Tammy M. Proctor argues that it was World War I—the first modern, global war—that witnessed the invention of both the modern “civilian” and the “home front,” where a totalizing war strategy pitted industrial nations and their citizenries against each other. Civilians in a World at War, 1914-1918, explores the different ways civilians work and function in a war situation, and broadens our understanding of the civilian to encompass munitions workers, nurses, laundresses, refugees, aid workers, and children who lived and worked in occupied zones, on home and battle fronts, and in the spaces in between. Comprehensive and global in scope, spanning the Eastern, Western, Italian, East African, and Mediterranean fronts, Proctor examines in lucid and evocative detail the role of experts in the war, the use of forced labor, and the experiences of children in the combatant countries.

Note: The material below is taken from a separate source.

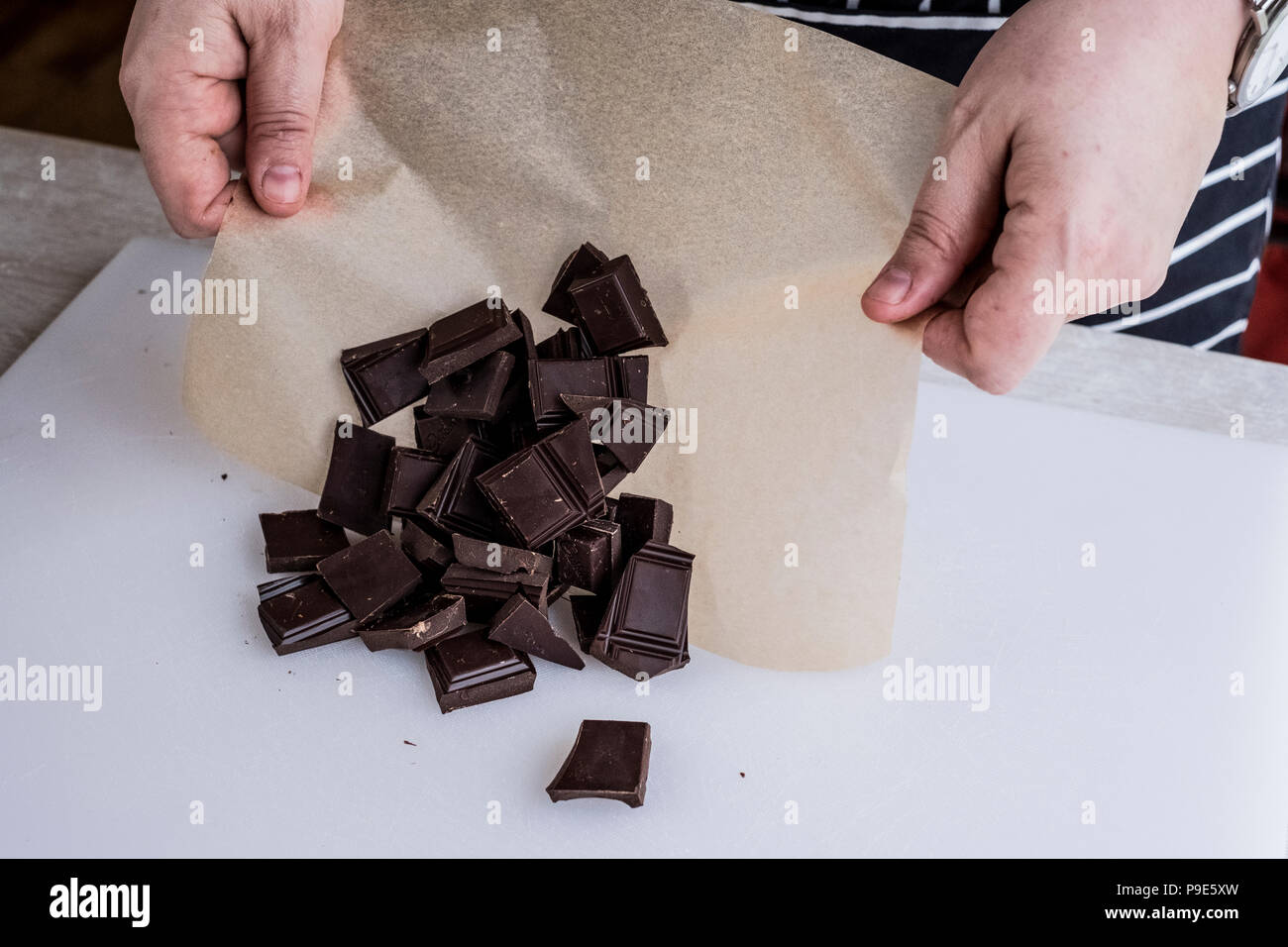 Un cuoco pesati con pezzetti di cioccolato sulla carta oleata. Foto Stock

As in many wars, civilians on both sides of WWI were affected, and vast displacements of the populations shaped the contemporary world in countless ways, redrawing boundaries and creating or reviving lines of ethnic conflict. Exploring primary source materials and secondary studies of combatant and neutral nations, while synthesizing French, German, Dutch, and English language sources, Proctor transcends the artificial boundaries of national histories and the exclusive focus on soldiers. Instead she tells the fascinating and long-buried story of the civilian in the Great War, allowing voices from the period to speak for themselves.
PUBLISHERS WEEKLY
At least 19 countries were involved in fighting WWI, creating a vast amount of ground to cover for the writer intent on chronicling the experiences of the war's civilians, and though Proctor has done her research, her text never comes alive. She focuses on civilian contributions to the war efforts, the refugee camp experience, and normal citizens caught in fighting, but rarely takes more than a cursory glance at any particular moment or, indeed, civilian. More likely is the single page that finds her narrative jumping between British East Africa, rural Russia, Baghdad, South Africa, and Syria, making it impossible for readers to know or care for anyone involved. Proctor clogs passages with facts about government-imposed food and price controls and attempts to prove contentions that many will find obvious, such as her wish to demonstrate that "despite differences of political structure, language, age, race, gender, class and geographical location, civilians in all countries faced many of the same challenges in making sense of the war..." By focusing on the sameness of experience, the author misses out on more fertile ground. Illus.